The virtual court is the judicial forum of traditional brick-and-mortar courtroom that has no physical presence but still provides the same justice services that are available in courtrooms. On the other hand, ODR utilizes technology to apply Alternative Dispute Resolution methods.
Therefore, It should be clear that ODR, which has outstanding potential in e-commerce and small-claim disputes is NOT a replacement for courtrooms.
Now that we have gone through both ODR and virtual courts’ main points, let us now consider their differences and similarities.
First, both ODR and virtual courts are manifestations of our fast adaptation to the online world. As we have more and more use of the internet, we are trying our best to manipulate it to fit as many aspects of our lives as it can.
These virtual platforms are both manifestations of the need to be efficient. ODR and virtual courts are generally more efficient, convenient, and accessible compared to their face-to-face counterpart.
Also, online dispute resolution and virtual courts connect as many people to providing an opportunity for online case resolutions.
In contrast to ODR, a judge is required in virtual courts to handle dispute resolution.
Moreover, the hearing can be broadcasted for a specific audience or even the public if desired. Likewise, virtual courts deal with more complex cases than an ODR platform can handle.
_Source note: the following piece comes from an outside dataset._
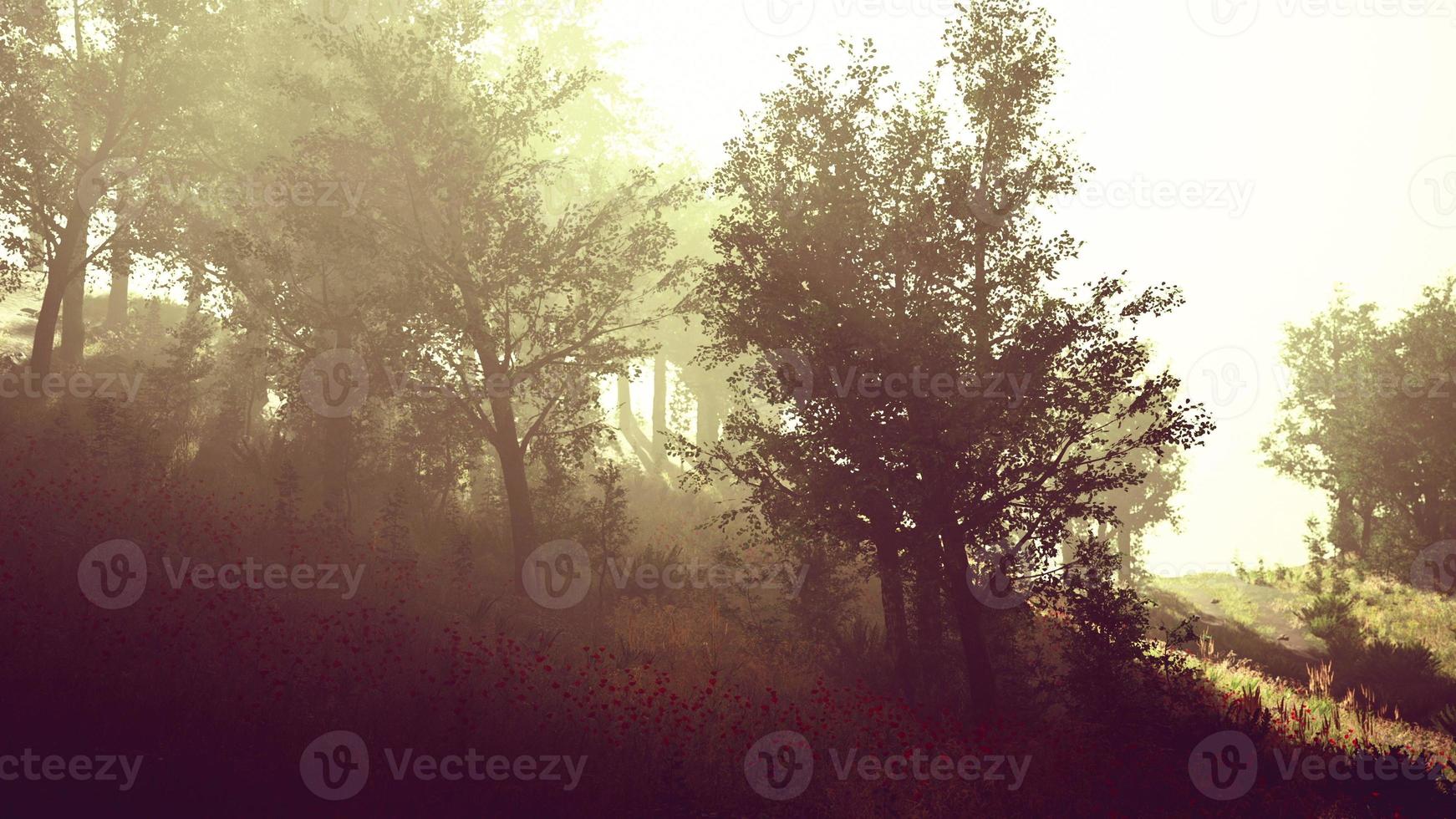 sun is shining through the trees in a young forest timelapse photo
If you want to know which is better between the two, the answer would depend on many factors. Online dispute resolution and virtual courts are more advantageous than the other in specific scenarios. It is a matter of choosing which is better for your case.
The age of the internet is really upon us right now. We are trying to adapt our lives to it as much as we can. Courts and dispute resolutions are not exempted. These are also being incorporated into our virtual world.
We can say that this change is a good one. We are getting more access to information and services which could not have been possible without an online platform.
The benefit of both of these online procedures is their efficiency. Time and cost are significantly reduced for the judge or lawyers, as well as the parties involved.
Communication and information access is also better online. Interactions on these platforms are being improved, especially for those with physical disabilities.
As seen with ODR, asynchronous methods can be chosen for communicating. They can utilize online messages, chats, or emails. This communication flexibility provides better convenience for the parties involved.
For now, the problem could be that there are legal matters that cannot be bent with an online platform. For example, audio issues, recordings, and signatures, and thumb marks are required to be given face-to-face to maintain authenticity. Or notarizing documents might be a problem virtually. However, we can surely see that these will be addressed sooner or later.
For now, ODR and virtual courts are still in the process of refinement. It is possible that in the near future, hearings and dispute resolution might be purely online.
This refinement is possible because of the constant need for convenience and efficiency.
Let us view these as positive contributions to society and hopefully will progress to being a well-polished system.